Data shown:
__________________________________________________

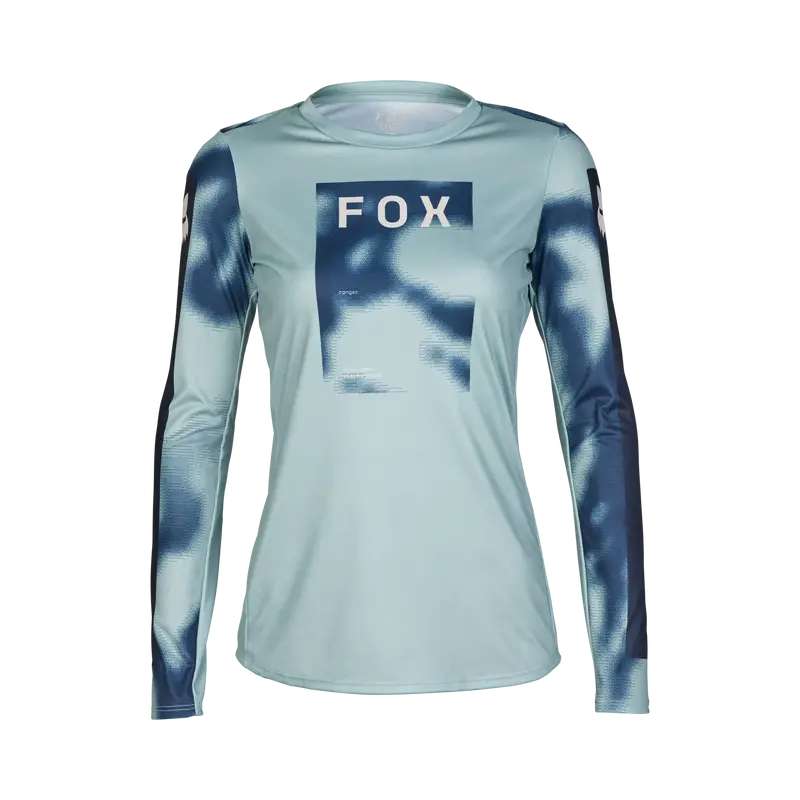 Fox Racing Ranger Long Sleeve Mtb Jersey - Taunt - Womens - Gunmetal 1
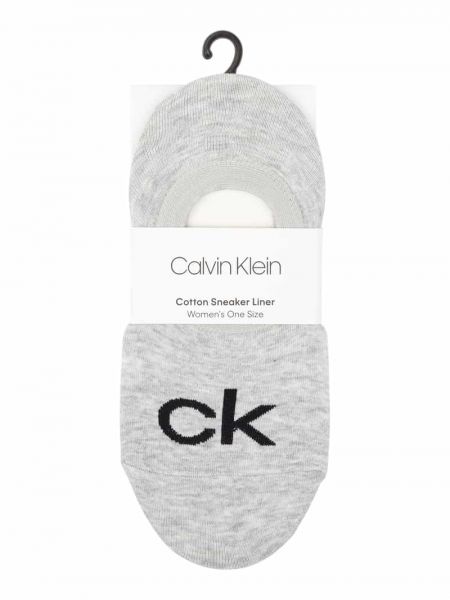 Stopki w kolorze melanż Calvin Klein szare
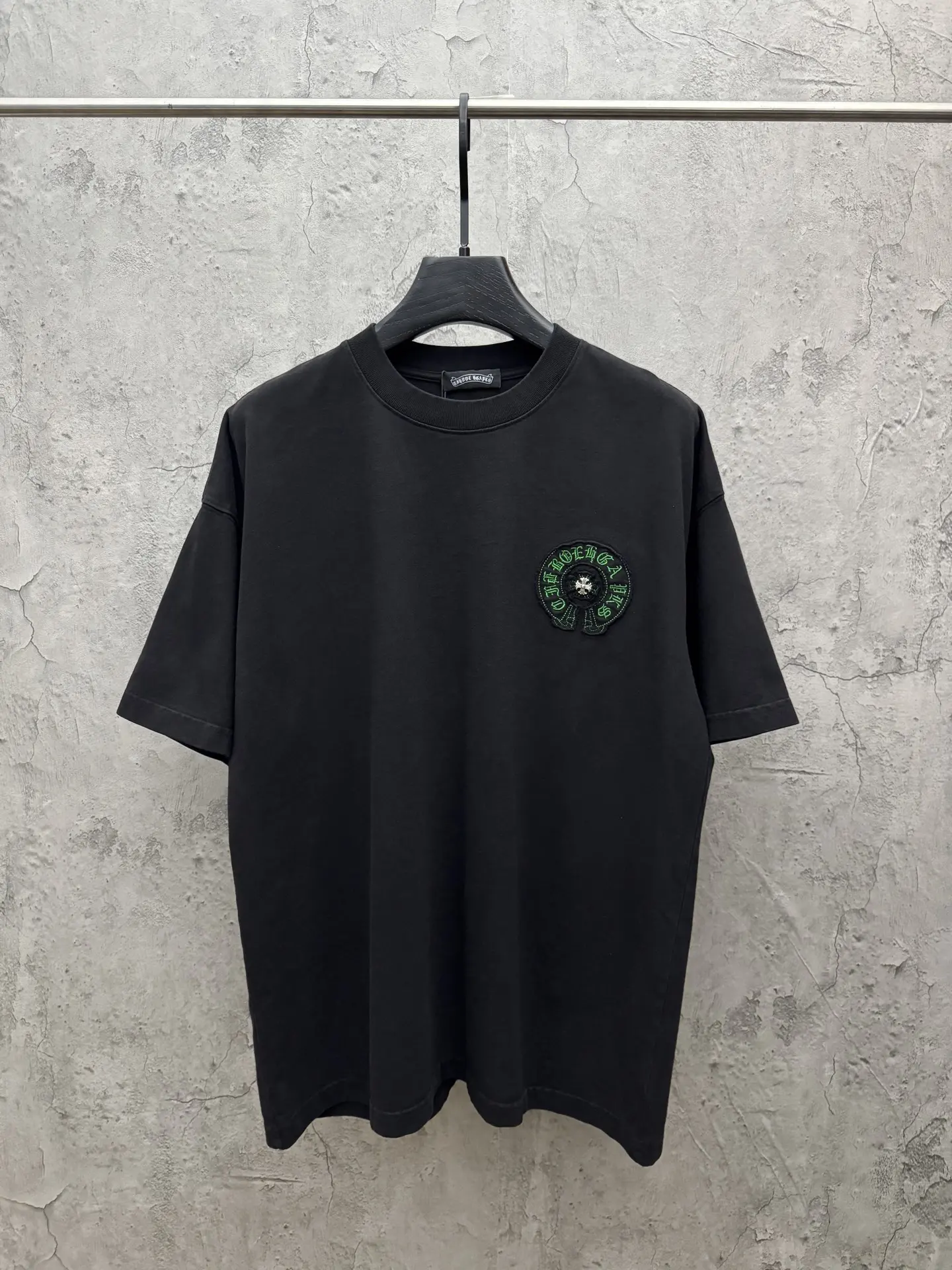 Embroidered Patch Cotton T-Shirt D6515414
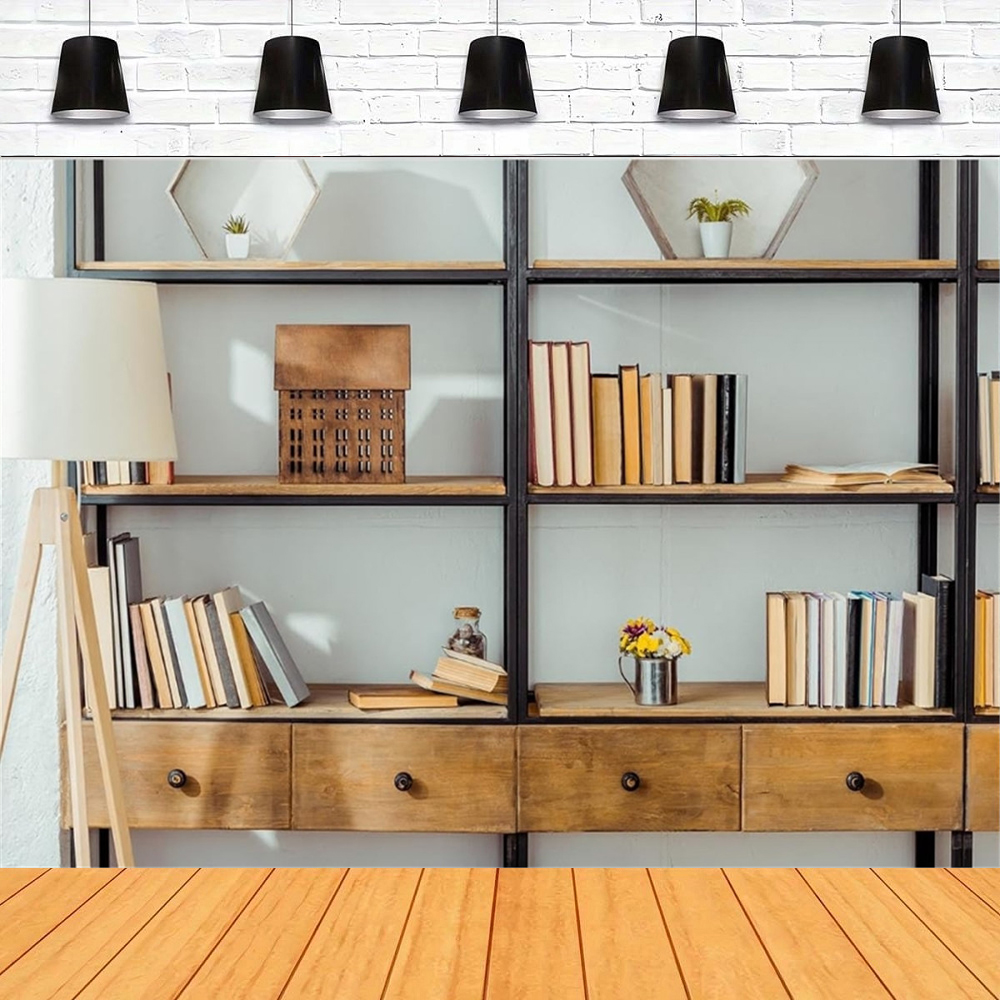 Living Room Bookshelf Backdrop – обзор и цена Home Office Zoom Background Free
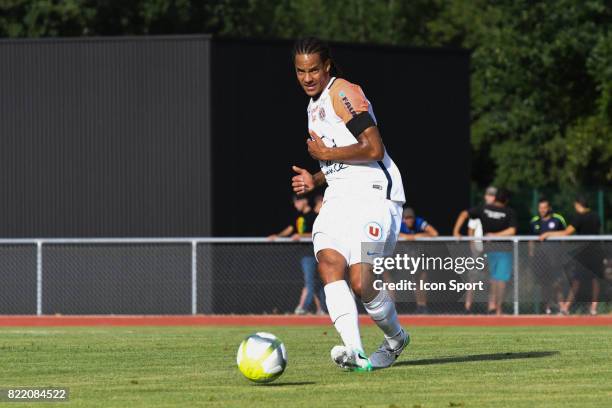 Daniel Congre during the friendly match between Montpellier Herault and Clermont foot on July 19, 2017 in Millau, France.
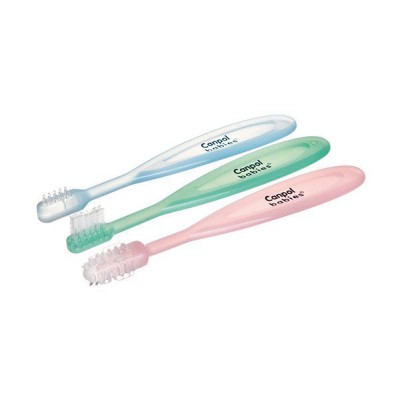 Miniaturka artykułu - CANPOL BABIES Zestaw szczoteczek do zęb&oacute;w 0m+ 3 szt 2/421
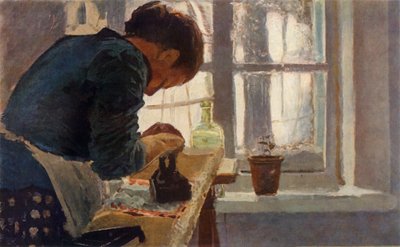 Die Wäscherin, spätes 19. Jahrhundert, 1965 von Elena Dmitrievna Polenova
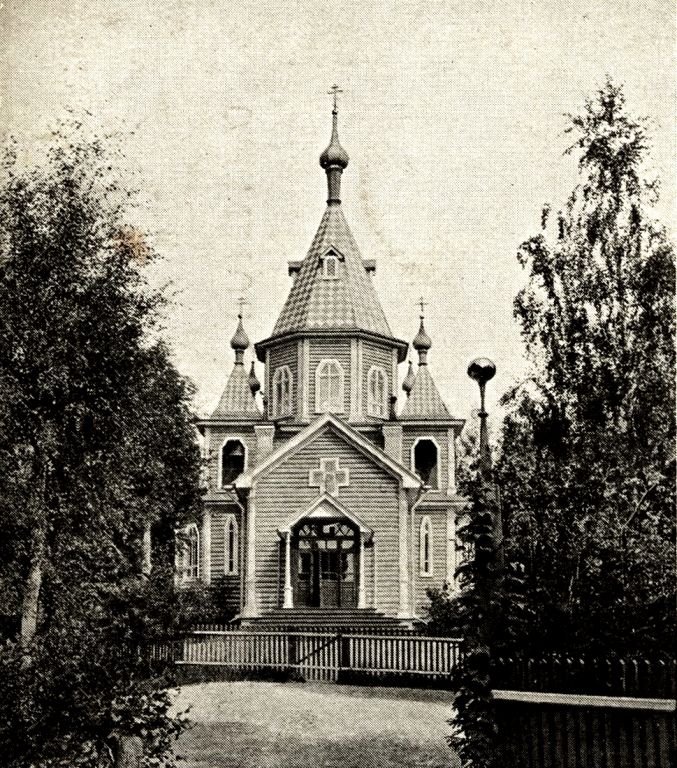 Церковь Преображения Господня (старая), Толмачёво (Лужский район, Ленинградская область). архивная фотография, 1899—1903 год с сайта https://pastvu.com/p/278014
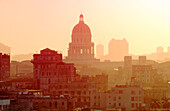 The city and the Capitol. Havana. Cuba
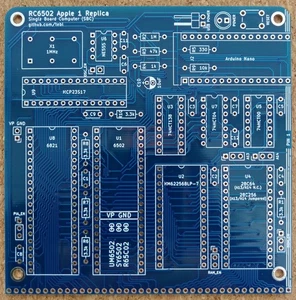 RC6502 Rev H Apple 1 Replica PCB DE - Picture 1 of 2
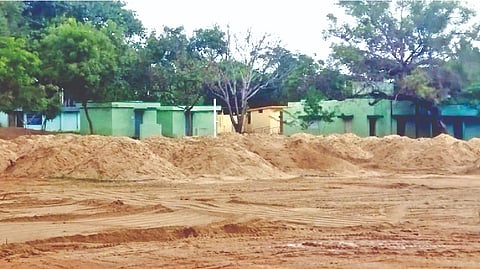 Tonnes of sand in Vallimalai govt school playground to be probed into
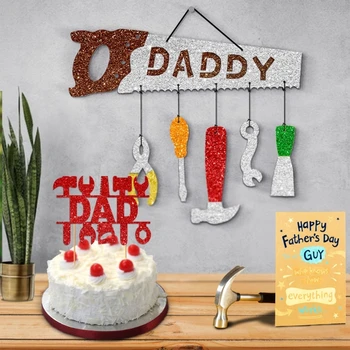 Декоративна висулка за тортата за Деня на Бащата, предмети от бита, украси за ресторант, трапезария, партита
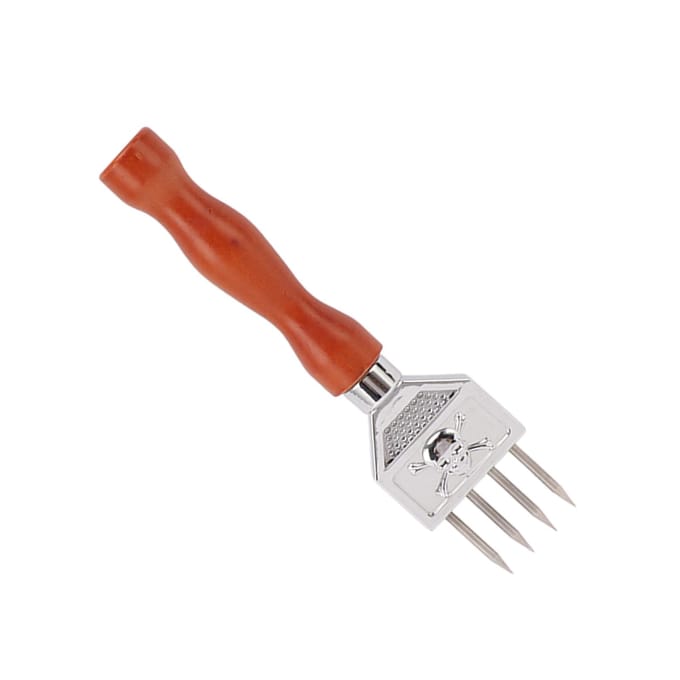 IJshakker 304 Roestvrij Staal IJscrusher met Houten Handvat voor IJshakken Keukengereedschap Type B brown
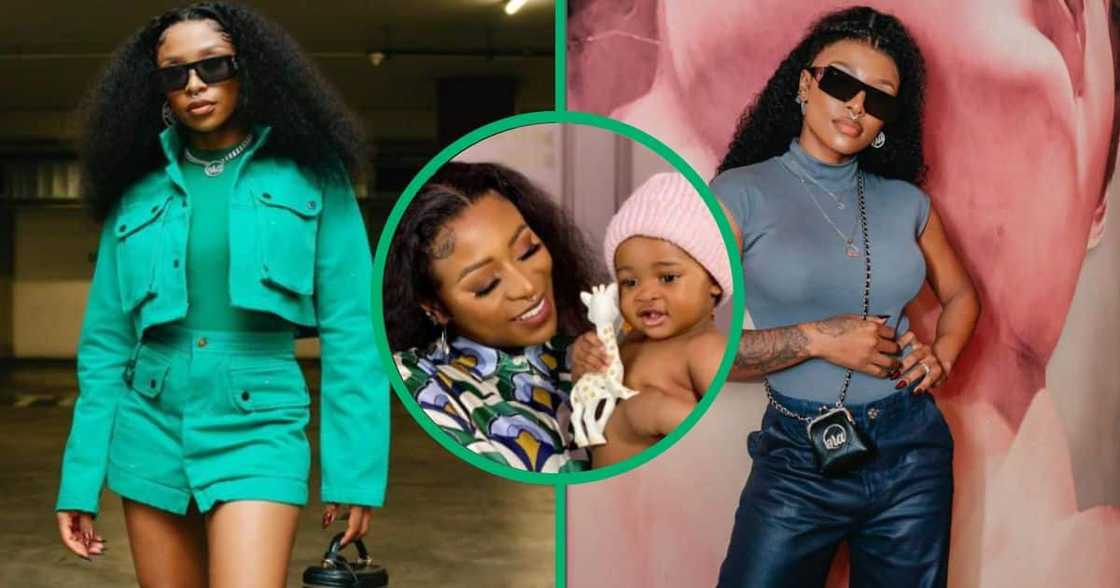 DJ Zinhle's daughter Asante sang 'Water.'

__________________________________________________

Instructions to follow: From the material above, give again exactly the lines from the one that contains "Die Wäscherin, spätes" through the one that contains "Декоративна висулка за", and leave out the pictures.

Output of the exercise:
 Die Wäscherin, spätes 19. Jahrhundert, 1965 von Elena Dmitrievna Polenova
 Церковь Преображения Господня (старая), Толмачёво (Лужский район, Ленинградская область). архивная фотография, 1899—1903 год с сайта https://pastvu.com/p/278014
 The city and the Capitol. Havana. Cuba
 RC6502 Rev H Apple 1 Replica PCB DE - Picture 1 of 2
 Tonnes of sand in Vallimalai govt school playground to be probed into
 Декоративна висулка за тортата за Деня на Бащата, предмети от бита, украси за ресторант, трапезария, партита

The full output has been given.